SALT LAKE CITY — Voters across the Wasatch Front weighed in Tuesday on the fate of multiple ballot questions that will have an impact on local issues ranging from more money for roads to whether proposed high-density projects will survive citizen pushback.
In Salt Lake City, 8 p.m. election night results showed the $87 million bond proposed to fill what city leaders had called an “enormous financial pothole” winning early approval, with nearly 69 percent of the vote in favor and about 31 percent against.
In Holladay, early election night results showed voters overwhelmingly rejected, with nearly 57 percent of the vote against, a development on the 57-acre site of the shuttered Cottonwood Mall, where developers have proposed and city officials have approved 775 high-rise apartments, more than 200 homes, and dozens of shops and restaurants.
But whether Holladay voters’ decision matters depends on a ruling still pending in the Utah Supreme Court.
In Orem, election night results showed a close race to either shoot down or approve a 1,600-bed student housing development near Utah Valley University. Results were narrow, but showed an early but slight lead toward rejection, with 3,046 votes against to 2,958 votes in favor.
The Orem development won approval from city leaders but has been fought by opposition groups with fears about its impact to surrounding neighborhoods and traffic.
$87 million bond
Looking to make a big dent in long-needed capital road projects, Salt Lake City leaders opted to ask voters to decide whether the city should take out an $87 million bond.
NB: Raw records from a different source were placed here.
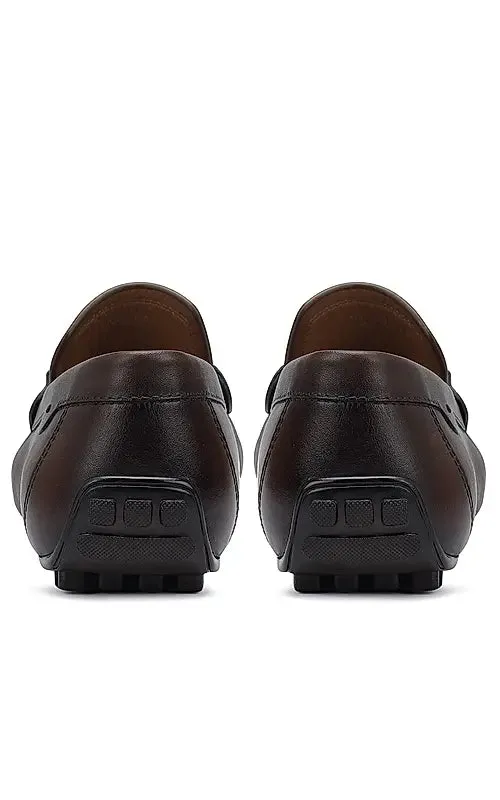 Brown Braided Leather Moccasins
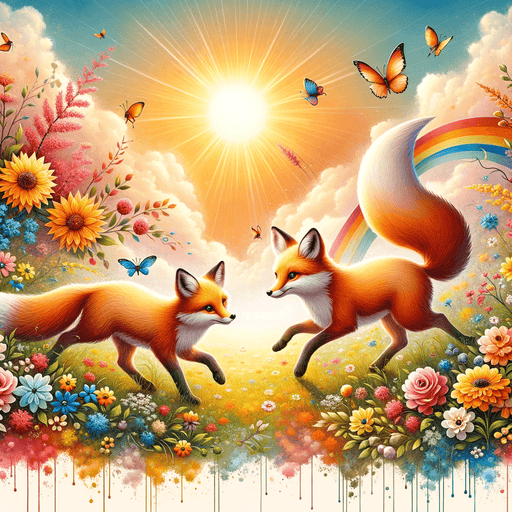 Charming Foxes In The Meadow Paint By Diamonds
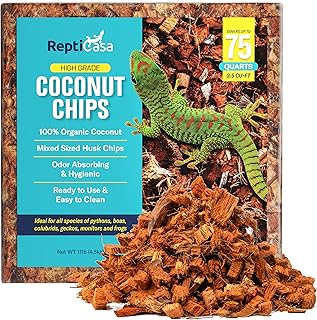 ReptiCasa Organic Coconut Chips Expandable Substrate Block for Reptiles, Snakes, Tortoise, and Amphibians, Natural Fiber F...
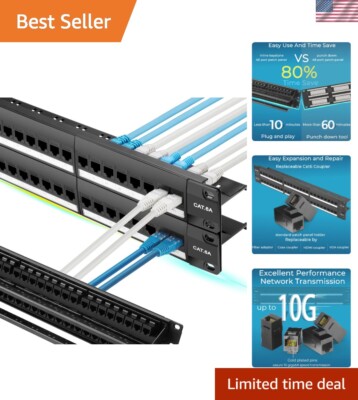 Patch Panel 48 Port Cat6A with Inline Keystone 10G Support, Pass-Thru Coupler...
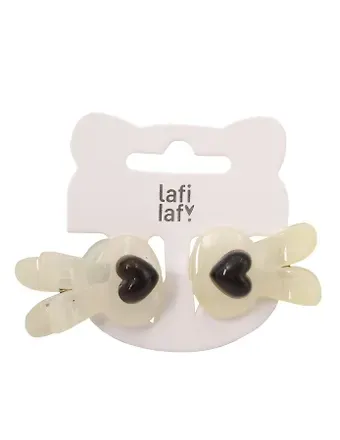 Набор заколок Ушки черно-белые (2шт) (пластик) (12-253004-С21) (Lafilaf)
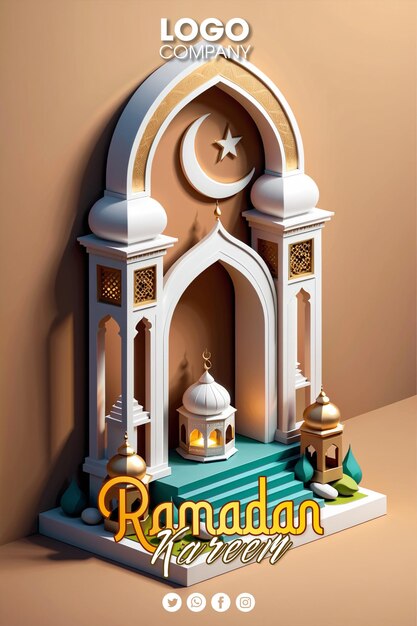 PSD layout di striscioni per la celebrazione del ramadan o delle festività islamiche con lanterne delle moschee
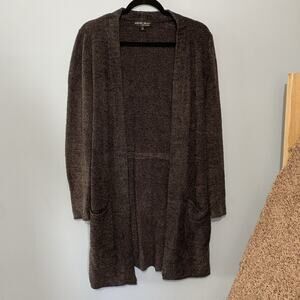 Barefoot Dreams Cozychic Lite Cardigan Open Front Gray Size XS 1216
The bond would result in an estimated property tax hike of up to $5 a year for the average Salt Lake City house valued at $339,000, in place of two other bonds retiring next year. If the bond didn’t pass, property taxes would go down.
The total burden of the bond would be about $48 a year on the average Salt Lake City home, according to city estimates.
Before placing the bond on the ballot, Salt Lake City leaders lobbied in favor of what the extra money would do for roads in Utah’s capital, in combination with the $33 million sales tax hike the city passed earlier this year — a plan Salt Lake City Mayor Jackie Biskupski first proposed in her 2018 State of the City address.